Loss has become a constant feature in the telecom world, and Japan offers a chilling example, according to a study by Plimsoll Publishing Ltd.
The report, which covers all of telecom, reveals that 83 percent of Japanese companies use formal debt to run their companies. The study covered the top 250 Japanese telecom companies.
“The companies are dancing with the devil,” said Daniel Turkington, chief executive officer of Plimsoll, adding that the average Japanese company finances around 50 percent of its assets.
Some of the companies cited in the report include Cyber Links Co. Ltd., Ikeno Tsuken Co. Ltd. and Okinawa Seruradenwa KK. Only 86 Japanese companies in the telecom sector do not carry any debt, according to the report.
Looking at the debt structure of most of the companies involved, Plimsoll analyst Robert Riddering said: “These companies are struggling, their debts have increased nearly 27 percent in the last three years and their ability to pay these debts back is under great threat.”
Turkington thinks a lot depends on the general economic atmosphere.

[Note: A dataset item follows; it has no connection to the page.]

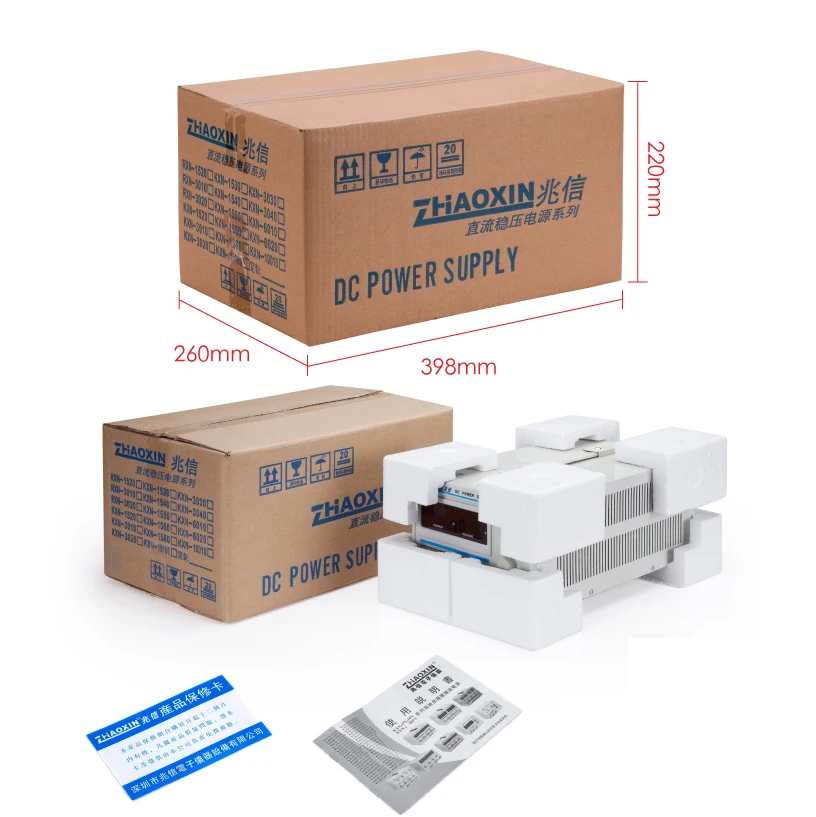 KXN-3020D DC 30V 20A 30A 40A источник питания Регулируемый светодиодный переключатель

“If the market downturn continues, they have no chances of survival,” he stressed, adding they can pick themselves up once the market looks up.
The report uses what it calls the Plimsoll model, which examines sales-and-profit growth, trading stability, gearing, profitability, working capital and immediate stability. These criteria are analyzed over a four-year period.
The sales-and-profit growth looks at the increases and decreases of percentage of sales growth over a period. The trading stability ratio enables Plimsoll to determine how the company responds to a change in its stability. The profitability ratio looks at if the company is borrowing more and whether its profit curve is dropping. Bucking traditional models, its working-capital model looks at how its long-term debt stacks up against its current account. Under gearing, it compares how much of the company is owned by shareholders with what the company borrows. Under immediate liquidity, it looks at the amount of the real cover of the company’s creditors. That guards against unsecured debt.
“The analysis exposes individual company financial performance and will enable U.S. companies to identify best trading partners and potential acquisitions in the Japanese market,” concluded Riddering.